Crux Investor has reviewed the news releases and technical reports published by Pure Gold. This retrospective note is an attempt to identify early warning signs, without the benefit of hindsight. The intention of the Analysts is to objectively determine gaps, oversights and overoptimism with respect to input parameters at odds with comparable projects.

Successful mining development requires four key areas to work in harmony – Geology, Mining, Processing, and Economics. In the case of Pure Gold and Madsen, only the Processing proved to be entirely unproblematic and the problems with Geology only became apparent in retrospect.

The two major flaws in the assumptions were related to Mining and Economics. Mining dilution was greatly aggravated by unrealistically low operating costs in the calculation of the cut-off grade. Given that costs were higher than expected, and grades lower than expected, the mine became a perpetual loss-making enterprise. By not using real-world costs, Pure Gold embarked on a value-destruction exercise.

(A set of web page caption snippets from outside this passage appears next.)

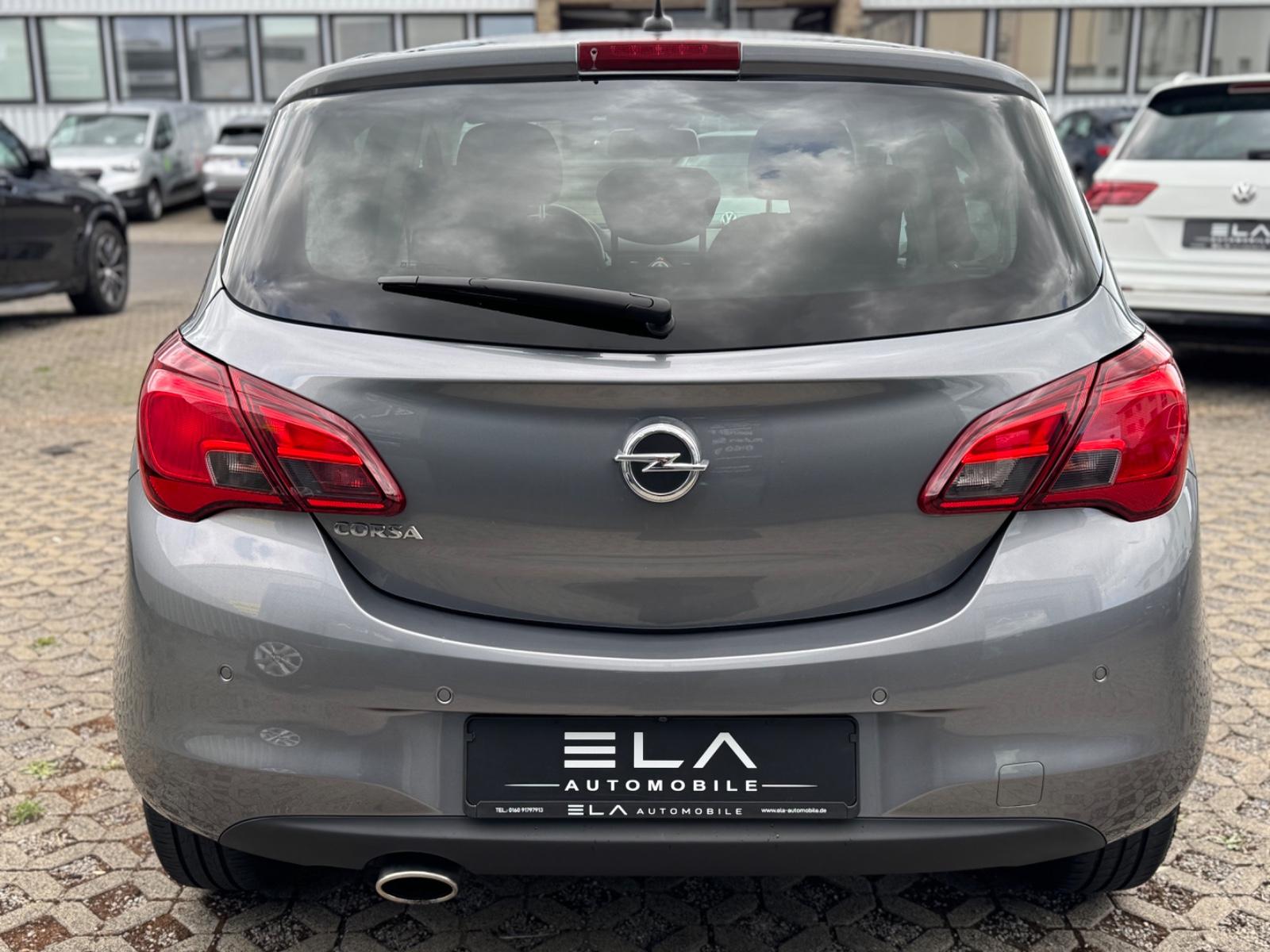 Opel Corsa S 1.4L *Rückfahrkamera*Sondermodel*LED*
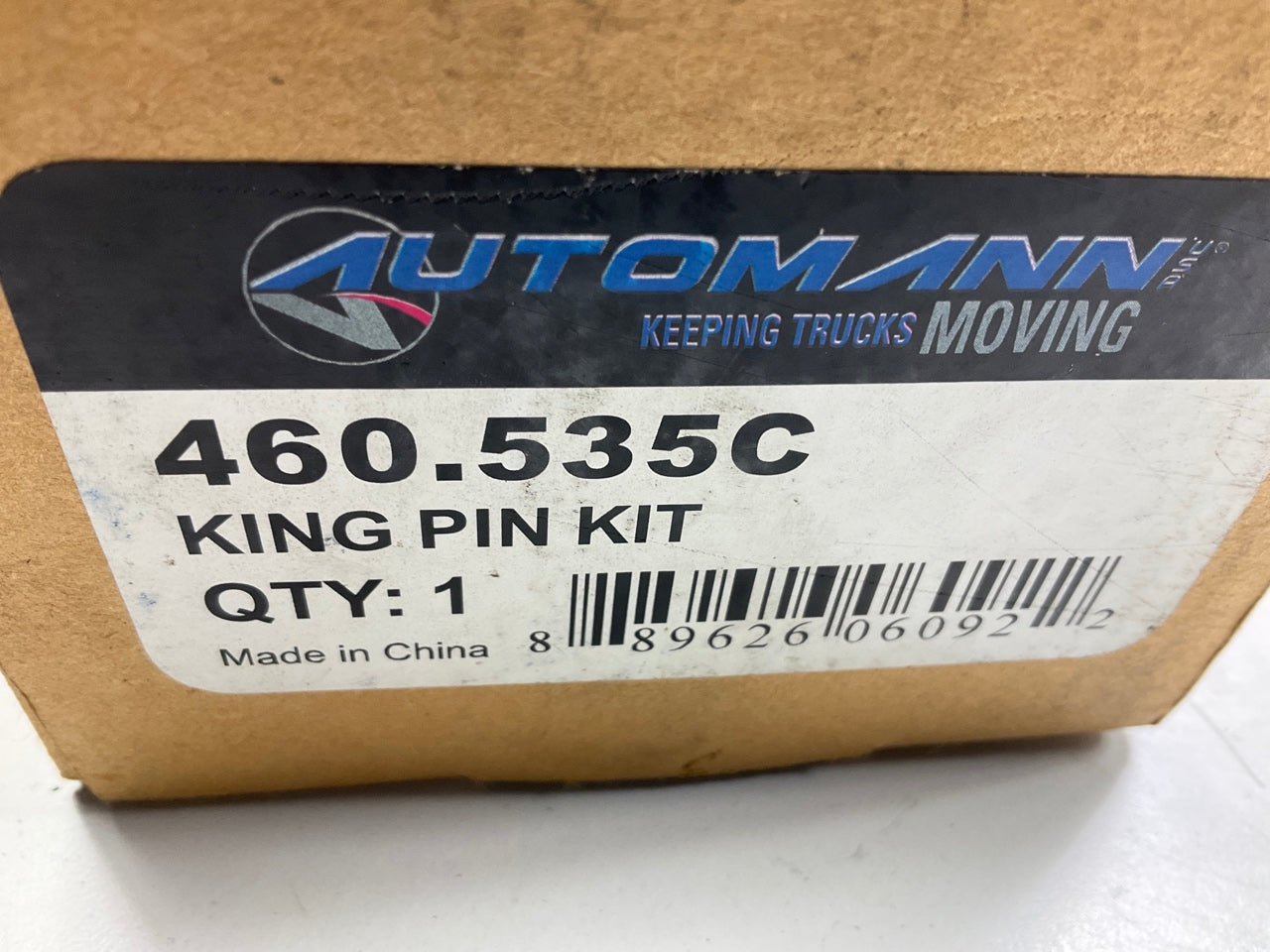 Automann 460.535C Steering King Pin Bolt Set Replaces 88936084 R201478 300-370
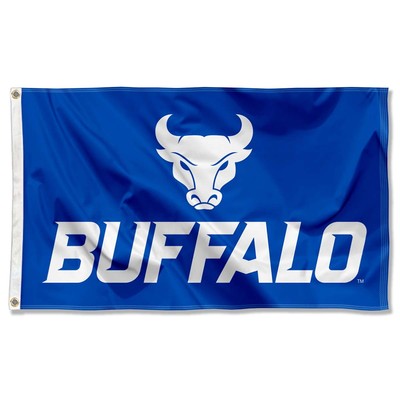 UB Bulls New Logo NCAA Flag Tailgating Banner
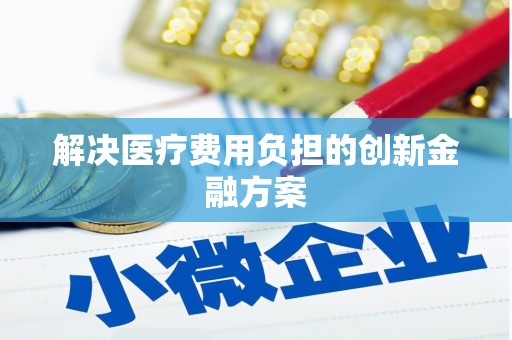 理县解决医疗费用负担的创新金融方案
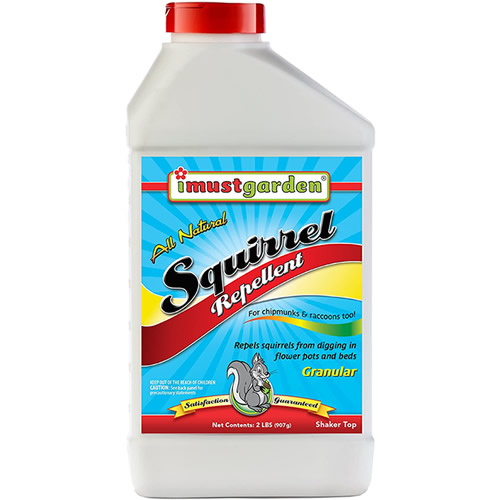 Granular Squirrel Repellent, 2 lbs.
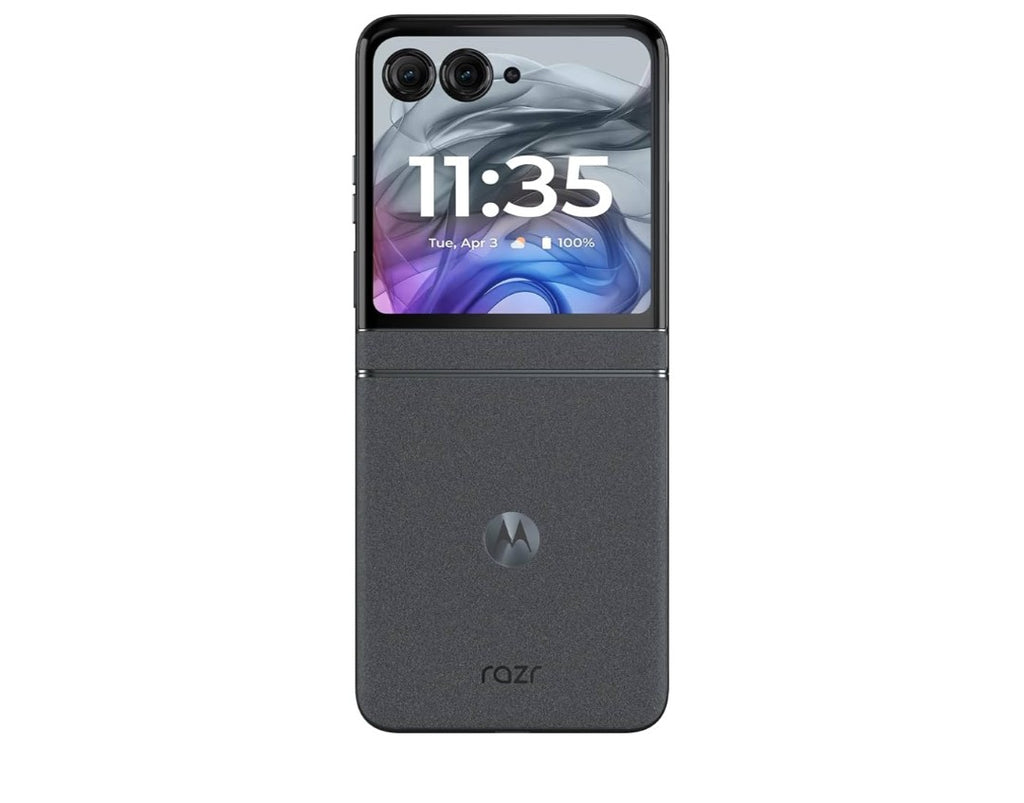 Motorola razr | 2024 | Unlocked | Made for US 8/256GB | 50MP Camera | Koala Gray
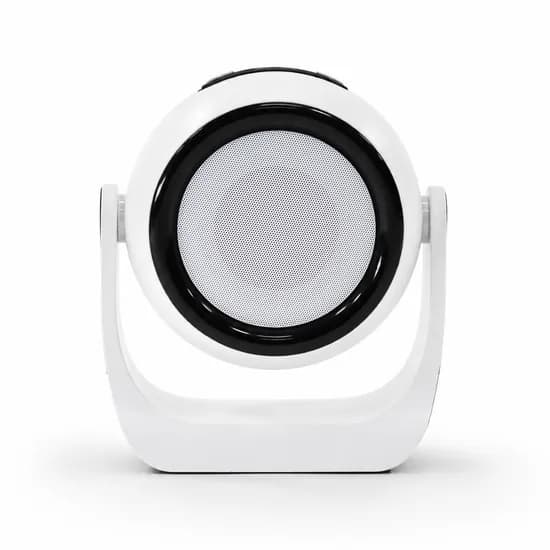 브로원 LED TWS 블루투스 스피커 JC-530 벽걸이형 휴대용 스탠드 화이트 1개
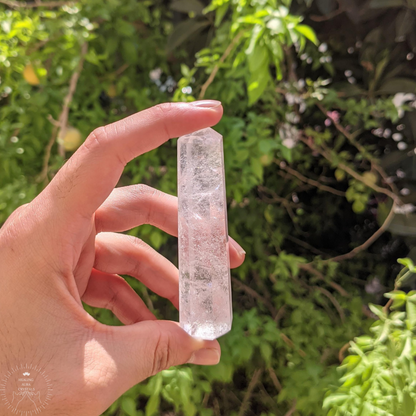 Clear Quartz Tower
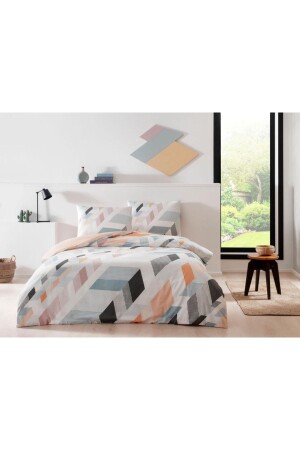 MNZ-Young Fashion Duvet Cover Set دينفر مينت منفرد 3519-103 - Taç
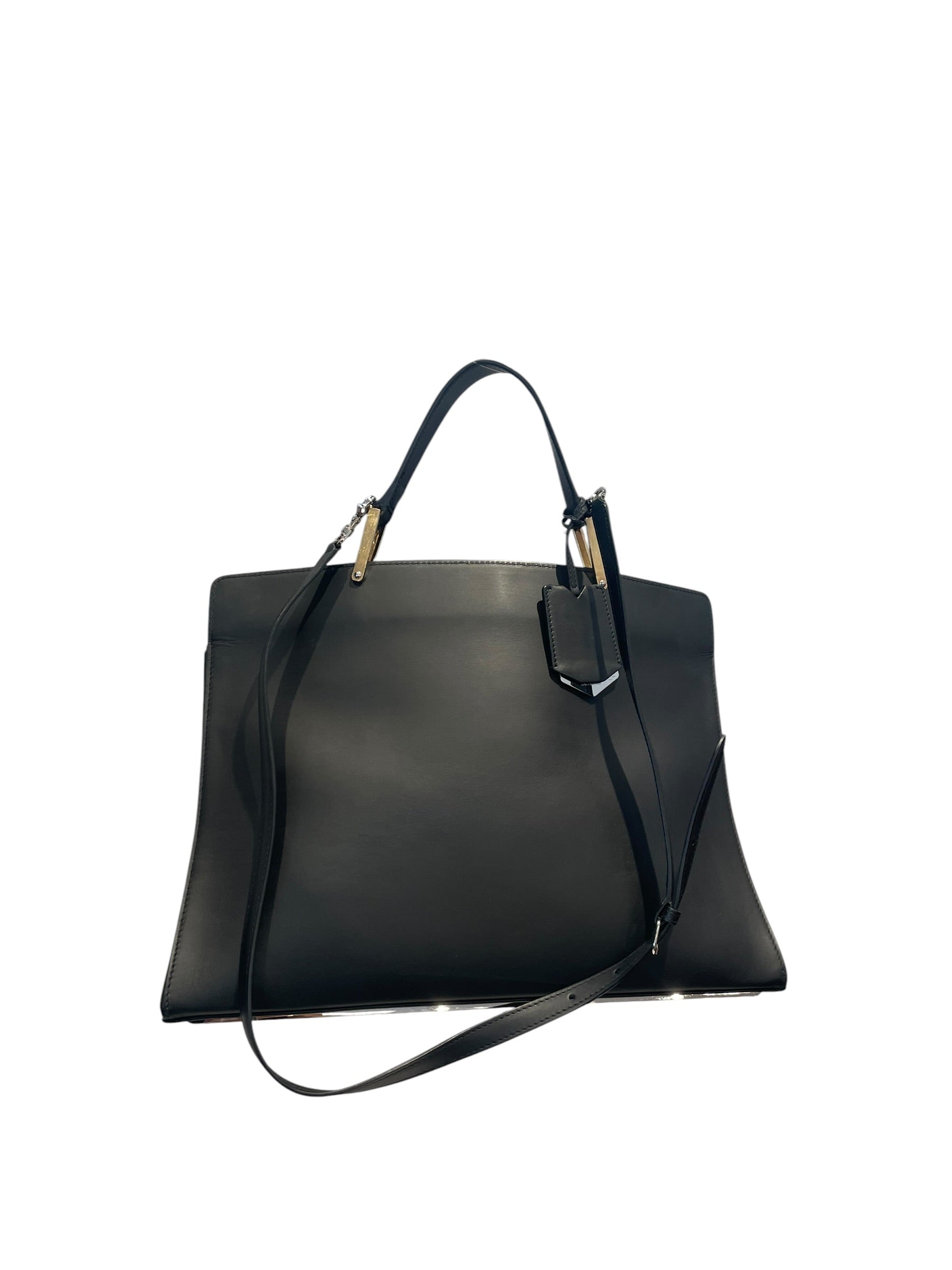 BALENCIAGA/Bag/Leather/BLK/Leather Le Dix view 2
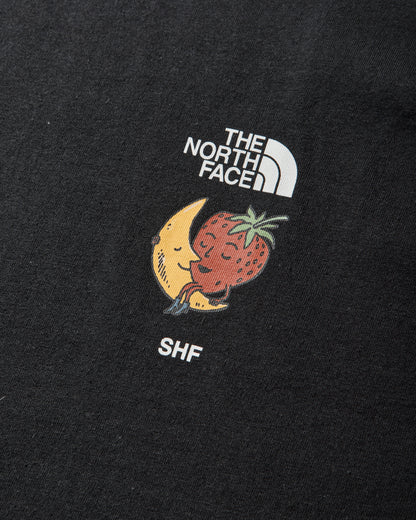 The North Face Tnf X Shf Tee Black T-Shirts Shortsleeve NF0A8HHPJK31 NFJK3
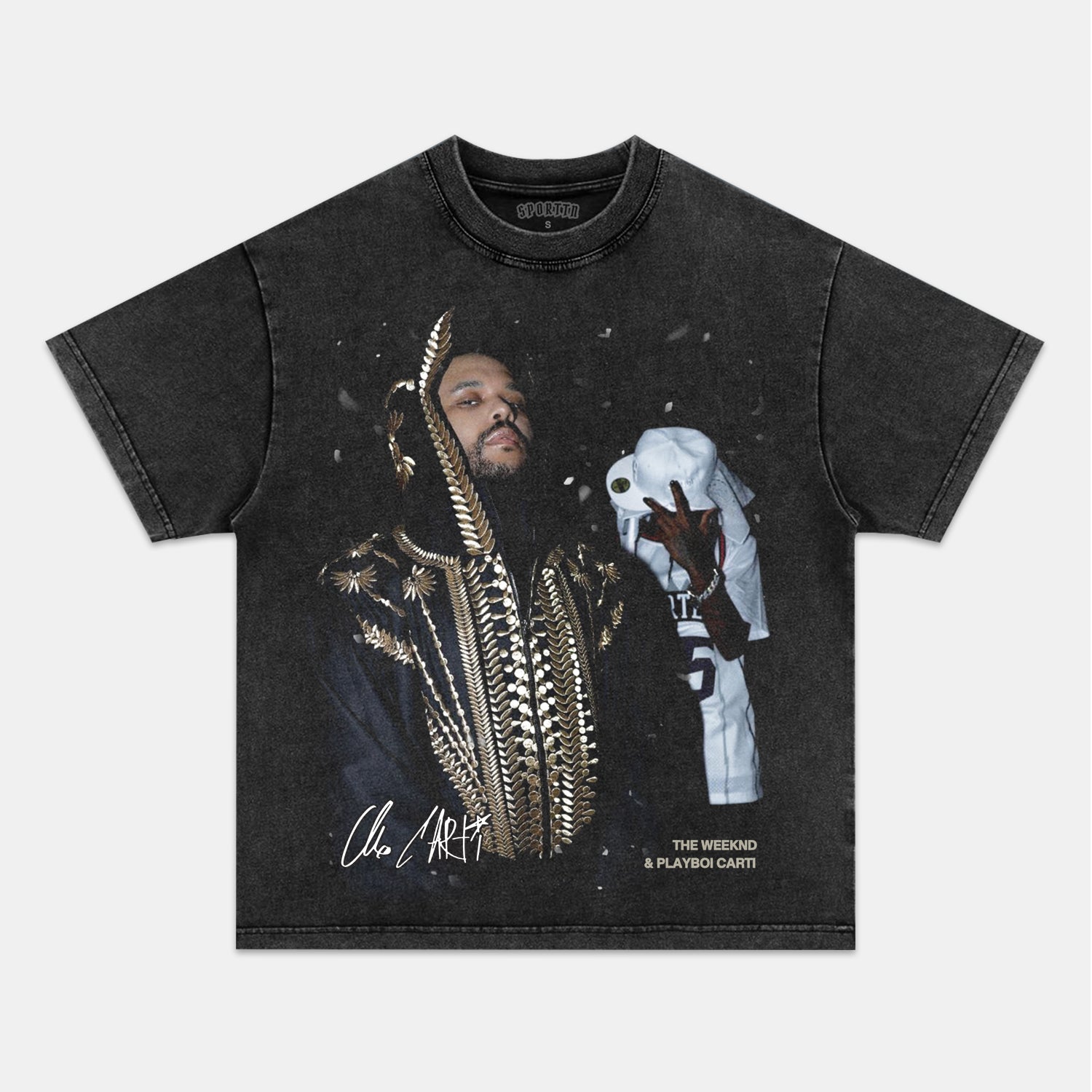 THE WEEKND & PLAYBOI CARTI 2025 TEE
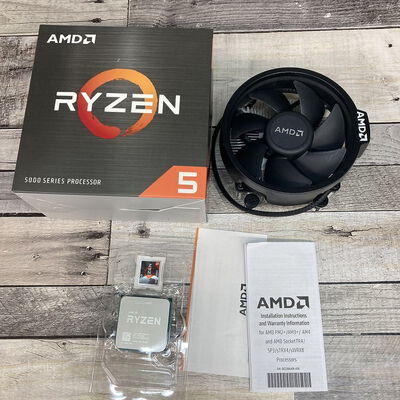 【広島店】中古  AMD Ryzen 5 5500 (AM4/3.6GHz/19M/C6/T12/65W) 150184 
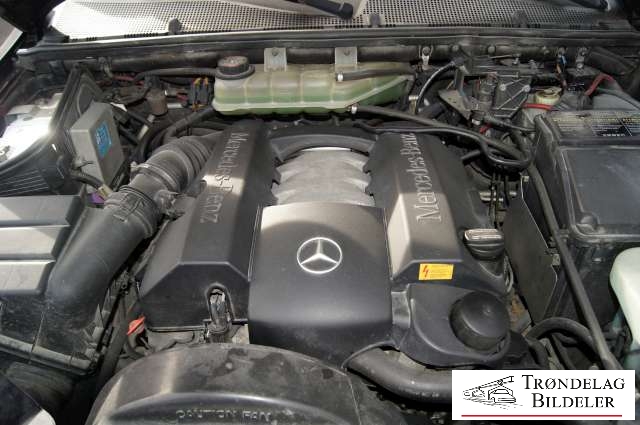 Mercedes ML 1997-2005 (W163) (W163), Motorkode: , Girkassekode: 72266201120377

Crux Investor notes that single-asset companies are in an unenviable position. The company is so invested in developing one particular project that bias tends to enter into the decision-making process. Furthermore, many technical reports are not generated by truly independent agencies. Consultants will typically work hard to ensure a favourable outcome on the project is reached.

Crux Investor believes that the degree of bias is proportional to the marginality of the project. More bias is likely on a marginal project than on a high margin project.

All mining companies and any serious investors should compare the input assumptions for economic studies with actual results from similar operations. This report has illustrated how important it is to check the credibility of suggested cost parameters by carrying out a benchmarking exercise.

Introduction

Pure Gold Mining Incorporated ("Pure Gold") is a Canadian gold mining company that is traded on the NEX, TSX Venture and the London Stock exchange. The focus of Pure Gold is the Madsen Gold Project, located in Red Lake, Ontario, Canada. Last year the company and the project made headlines not for success but for failure. In October 2022 operations were suspended and the mine placed on care and maintenance.

Crux Investor has reviewed the news releases and technical reports published by Pure Gold. This retrospective note is an attempt to identify early warning signs, without the benefit of hindsight. The intention of the Analysts is to objectively determine gaps, oversights and overoptimism with respect to input parameters at odds with comparable projects.

The original Pure Gold plan had been to develop an underground mine and processing operation with a 12-year productive life. Madsen is near the historical Madsen Mine, which produced 2.5 million ounces (“Moz”) of gold at an average grade of 9.7 g/t Au from treating 7.9 million tonnes (“Mt”) between 1938 and 1976 and from 1997 to 1999.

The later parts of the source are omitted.